I have to start this post by stating that we have been reasonably lucky as special needs parents. We haven’t faced some of the debilitating sleep issues that have challenged so many others.

Sure, our middle daughter has had her fair share of sleep issues. She didn’t really sleep through until she was 5 or 6 years old after years of night terrors and anxiety. We even attended a sleep school to help her when she was a baby.

But for a number of years now sleep has not been a big issue for us.

That’s not to say that we haven’t had our moments or that we don’t struggle at all. It’s just that the other challenges that come with special needs parenting are generally harder for us to deal with.

It has helped that we have learned the best ways to encourage sleep in our family. These sleep solutions may not work for you, but they are currently helping us. If you are struggling with sleep in your family they may just be worth a try.


Sleep Solutions for Special Needs Families


I have broken up the solutions below to illustrate those that may help your kids and those that may help you as a special needs parent. These have worked for us but they may not work for everyone. However, if you are looking for a solution and you haven’t yet given these a shot, what do you have to lose (except more sleep?)
Sleep Solutions for Special Needs Parents - www.myhometruths.com

Sleep Solutions for Kids


Weighted Blanket
This has been one of the most successful strategies we have ever tried. Matilda, our girl with a history of sleep issues, sleeps much better when she has a weighted blanket and a weighted pillow toy on her. The weight calms her and gives her the deep pressure she craves in order to relax, calm down the body and find sleep. I can definitely recommend weighted items as a way to encourage sleep.

Bedtime Routine
It probably comes as no surprise that many kids, particularly those on the autism spectrum, will sleep better following a set bedtime routine. Routine provides comfort and reassurance by setting out what comes next and eliminating uncertainty. A good bedtime routine can also anticipate your child’s needs and address their typical post-bedtime requests so you can help them understand that bedtime is bedtime (not request time!)

Sensory Play Before Bed
I remember how confused I felt when our OT first recommended that we should play rough with Gilbert before bed. I couldn’t see how that could help him get ready for bed – wouldn’t that just rev him up? However, my son’s sensory needs (deep pressure & hard muscle work) can only really be addressed by playing rough. So we starting wrestling and roughhousing with him right before bed and it worked a treat. It’s unorthodox but if your child has similar sensory needs, it might be worth a try.

No Screen Time
This one is really important. And, to be completely honest, we still need to work on this ourselves. There are many studies showing how screen time affects our brains and stops us from winding down at night (even though my kids swear that it’s the only way they can calm down and relax!) Reading, colouring in, listening to music or other quiet, screen-free activities are more likely to help promote sleep for our kids. Try eliminating screens at night and see how you go.

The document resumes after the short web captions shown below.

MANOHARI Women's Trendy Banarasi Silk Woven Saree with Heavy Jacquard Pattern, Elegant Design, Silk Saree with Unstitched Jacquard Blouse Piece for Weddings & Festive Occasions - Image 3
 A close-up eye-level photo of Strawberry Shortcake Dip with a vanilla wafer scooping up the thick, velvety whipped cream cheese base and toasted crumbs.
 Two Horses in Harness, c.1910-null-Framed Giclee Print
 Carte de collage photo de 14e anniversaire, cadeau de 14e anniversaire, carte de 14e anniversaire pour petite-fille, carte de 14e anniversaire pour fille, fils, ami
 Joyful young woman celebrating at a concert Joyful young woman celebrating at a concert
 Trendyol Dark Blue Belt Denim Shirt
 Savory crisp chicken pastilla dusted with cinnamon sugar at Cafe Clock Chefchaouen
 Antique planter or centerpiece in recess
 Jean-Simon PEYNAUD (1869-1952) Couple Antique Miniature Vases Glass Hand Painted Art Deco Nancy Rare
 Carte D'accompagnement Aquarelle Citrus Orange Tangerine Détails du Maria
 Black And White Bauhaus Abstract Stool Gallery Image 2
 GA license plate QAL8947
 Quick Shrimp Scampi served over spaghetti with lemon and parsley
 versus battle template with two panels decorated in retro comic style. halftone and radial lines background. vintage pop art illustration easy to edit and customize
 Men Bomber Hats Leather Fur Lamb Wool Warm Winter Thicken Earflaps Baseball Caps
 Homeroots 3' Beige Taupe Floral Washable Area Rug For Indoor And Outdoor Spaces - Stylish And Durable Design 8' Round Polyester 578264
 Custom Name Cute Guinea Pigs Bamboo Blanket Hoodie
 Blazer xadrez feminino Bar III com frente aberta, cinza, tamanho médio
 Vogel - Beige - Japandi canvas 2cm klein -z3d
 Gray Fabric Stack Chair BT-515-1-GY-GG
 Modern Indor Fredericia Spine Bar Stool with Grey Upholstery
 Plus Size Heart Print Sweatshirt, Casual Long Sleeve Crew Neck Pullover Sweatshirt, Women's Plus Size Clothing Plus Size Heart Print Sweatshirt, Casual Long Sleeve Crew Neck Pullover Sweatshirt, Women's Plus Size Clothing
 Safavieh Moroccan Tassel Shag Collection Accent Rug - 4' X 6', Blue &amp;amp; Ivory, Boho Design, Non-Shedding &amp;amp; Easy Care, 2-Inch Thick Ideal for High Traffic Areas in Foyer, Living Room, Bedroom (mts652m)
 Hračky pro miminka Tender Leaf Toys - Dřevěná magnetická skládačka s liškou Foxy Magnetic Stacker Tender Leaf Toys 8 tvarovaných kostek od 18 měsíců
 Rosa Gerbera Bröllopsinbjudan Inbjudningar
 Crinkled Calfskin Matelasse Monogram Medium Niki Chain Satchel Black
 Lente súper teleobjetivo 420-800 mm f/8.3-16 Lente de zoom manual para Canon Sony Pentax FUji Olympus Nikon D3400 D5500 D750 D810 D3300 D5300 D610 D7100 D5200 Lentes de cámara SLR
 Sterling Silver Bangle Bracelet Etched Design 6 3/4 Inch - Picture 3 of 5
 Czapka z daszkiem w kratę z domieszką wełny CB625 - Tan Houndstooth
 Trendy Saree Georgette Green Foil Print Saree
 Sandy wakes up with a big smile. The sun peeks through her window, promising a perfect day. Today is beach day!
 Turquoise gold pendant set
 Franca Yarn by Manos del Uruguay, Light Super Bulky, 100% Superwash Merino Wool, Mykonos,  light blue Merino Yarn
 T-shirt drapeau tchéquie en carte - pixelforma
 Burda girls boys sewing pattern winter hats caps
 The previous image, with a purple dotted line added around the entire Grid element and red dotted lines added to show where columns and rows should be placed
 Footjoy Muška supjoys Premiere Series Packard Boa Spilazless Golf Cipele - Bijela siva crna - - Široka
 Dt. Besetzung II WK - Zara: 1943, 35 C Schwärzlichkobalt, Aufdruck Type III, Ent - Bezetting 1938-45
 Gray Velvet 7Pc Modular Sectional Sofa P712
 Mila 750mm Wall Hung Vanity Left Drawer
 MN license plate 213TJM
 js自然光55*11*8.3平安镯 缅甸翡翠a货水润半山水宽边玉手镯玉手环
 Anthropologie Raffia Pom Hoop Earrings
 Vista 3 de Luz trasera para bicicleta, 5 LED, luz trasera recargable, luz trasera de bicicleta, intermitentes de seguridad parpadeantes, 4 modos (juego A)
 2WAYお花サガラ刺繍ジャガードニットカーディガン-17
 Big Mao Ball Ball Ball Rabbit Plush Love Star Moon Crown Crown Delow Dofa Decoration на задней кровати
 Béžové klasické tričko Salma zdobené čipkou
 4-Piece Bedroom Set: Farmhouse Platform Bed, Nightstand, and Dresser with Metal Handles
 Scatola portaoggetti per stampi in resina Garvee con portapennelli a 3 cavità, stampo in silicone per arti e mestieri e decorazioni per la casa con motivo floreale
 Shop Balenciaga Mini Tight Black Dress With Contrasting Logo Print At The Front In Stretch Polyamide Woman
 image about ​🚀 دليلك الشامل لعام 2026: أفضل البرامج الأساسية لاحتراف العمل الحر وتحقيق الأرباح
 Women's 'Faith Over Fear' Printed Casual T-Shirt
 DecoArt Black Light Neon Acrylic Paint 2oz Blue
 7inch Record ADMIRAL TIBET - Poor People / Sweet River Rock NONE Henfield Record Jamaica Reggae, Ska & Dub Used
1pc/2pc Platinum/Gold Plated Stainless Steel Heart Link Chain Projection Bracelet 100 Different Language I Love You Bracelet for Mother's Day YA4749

Sometimes all the sensory activities in the world still cannot help shut down a busy and anxious brain. In these cases, you may need to look for another alternative, like melatonin.  A natural hormone produced by the pineal gland in the brain, melatonin is widely used by many special needs families to help stimulate relaxation and sleep. I have never used melatonin myself but I know many families who swear by it’s ability to help induce sleep.


Sleep Solutions for Special Needs Parents - www.myhometruths.com


Sleep Solutions for Parents


As special needs parents, being able to still our own brains can be even more challenging than helping our kids to still theirs. Luckily, meditation can be practiced in lots of different ways in a bid to induce sleep. For instance, you can practice mindfulness in a warm shower before bed by concentrating on how the water feels on your skin, focusing on the smell of the soap, listening to the sounds of the shower, zeroing in on the warmth of the water and studying at the shape of the tiles. Consciously taking the time to “be in the moment” will help to still your mind and ready you for sleep.

Darkened Room
Sleep is often helped or hindered by the environment around you. It probably comes as no surprise that we are hardwired to sleep when it’s dark and wake up when it’s light. To eliminate distraction and confusion during the night, we’ve found that shutting our door from the light coming in from our kids’ rooms helps encourage our own sleep. It’s a simple trick but one that might actually work for you too.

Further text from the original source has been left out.